● Work item
Beginning with the line that contains "Street Life and" and ending with the line that contains "The Creative Power", reproduce the lines of the entries below exactly, omitting pictures.

● Information
--- START ---
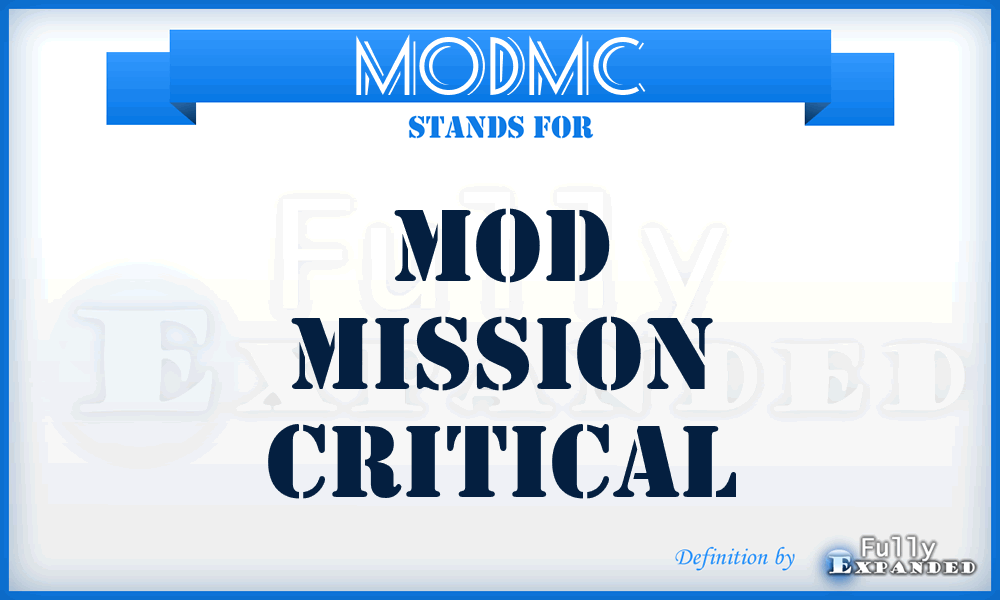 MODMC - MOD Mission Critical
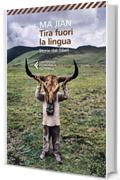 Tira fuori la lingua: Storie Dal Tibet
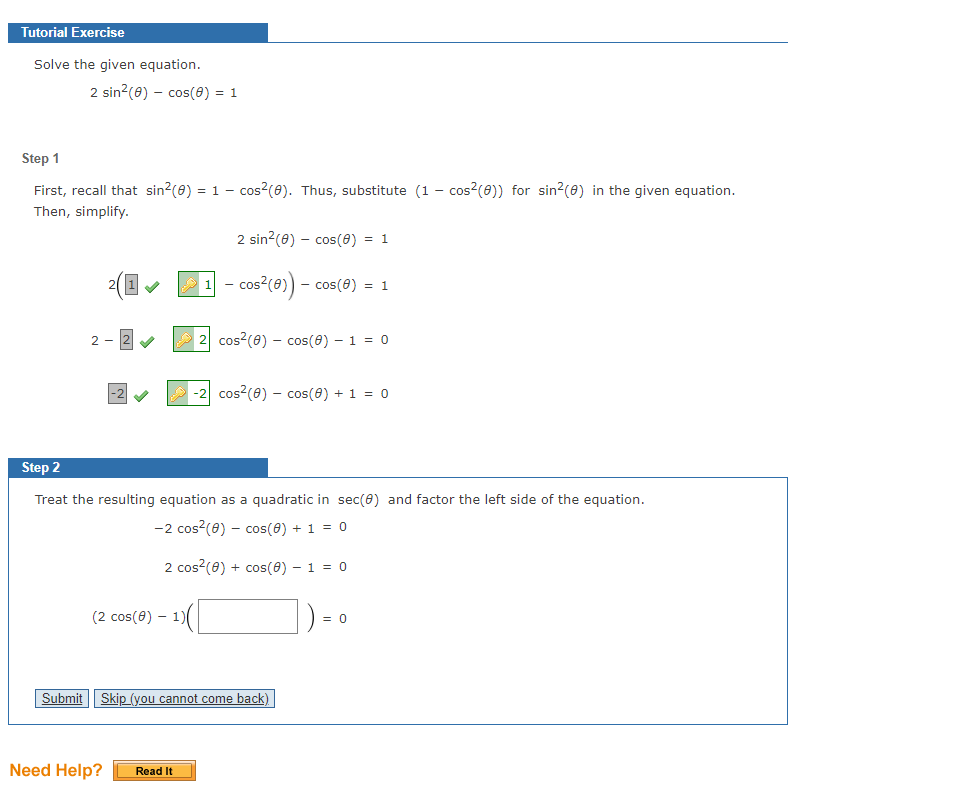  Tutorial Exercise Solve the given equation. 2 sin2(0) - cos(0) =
--- END ---
--- START ---
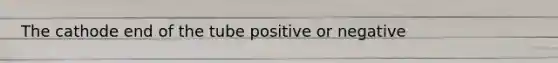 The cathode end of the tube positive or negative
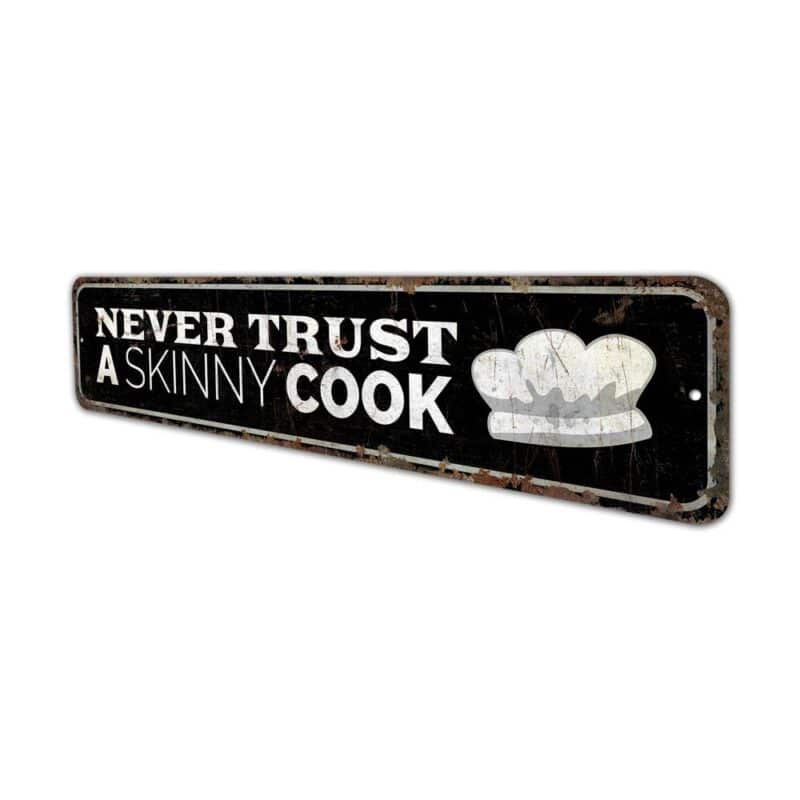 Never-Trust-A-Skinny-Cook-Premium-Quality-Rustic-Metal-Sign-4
--- END ---
--- START ---
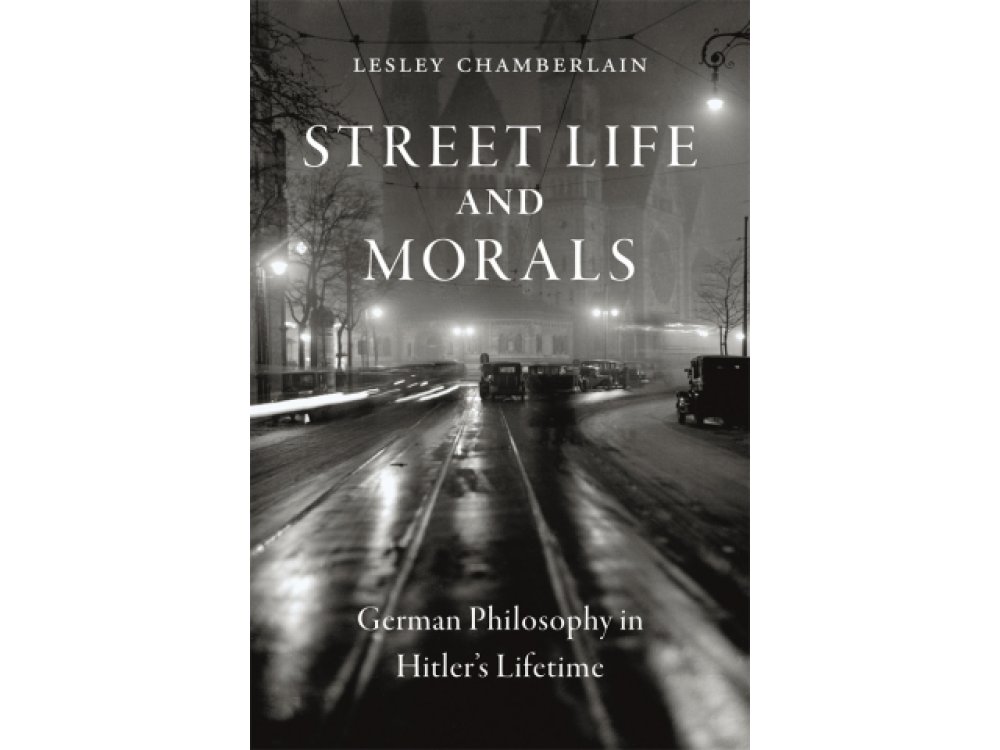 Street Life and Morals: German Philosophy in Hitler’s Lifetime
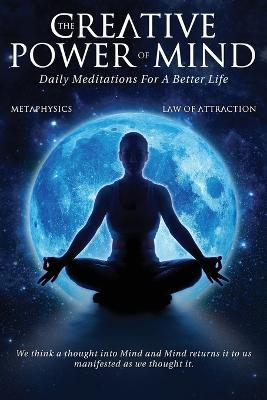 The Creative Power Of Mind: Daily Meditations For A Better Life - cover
--- END ---
● Exercise output
 Street Life and Morals: German Philosophy in Hitler’s Lifetime
 The Creative Power Of Mind: Daily Meditations For A Better Life - cover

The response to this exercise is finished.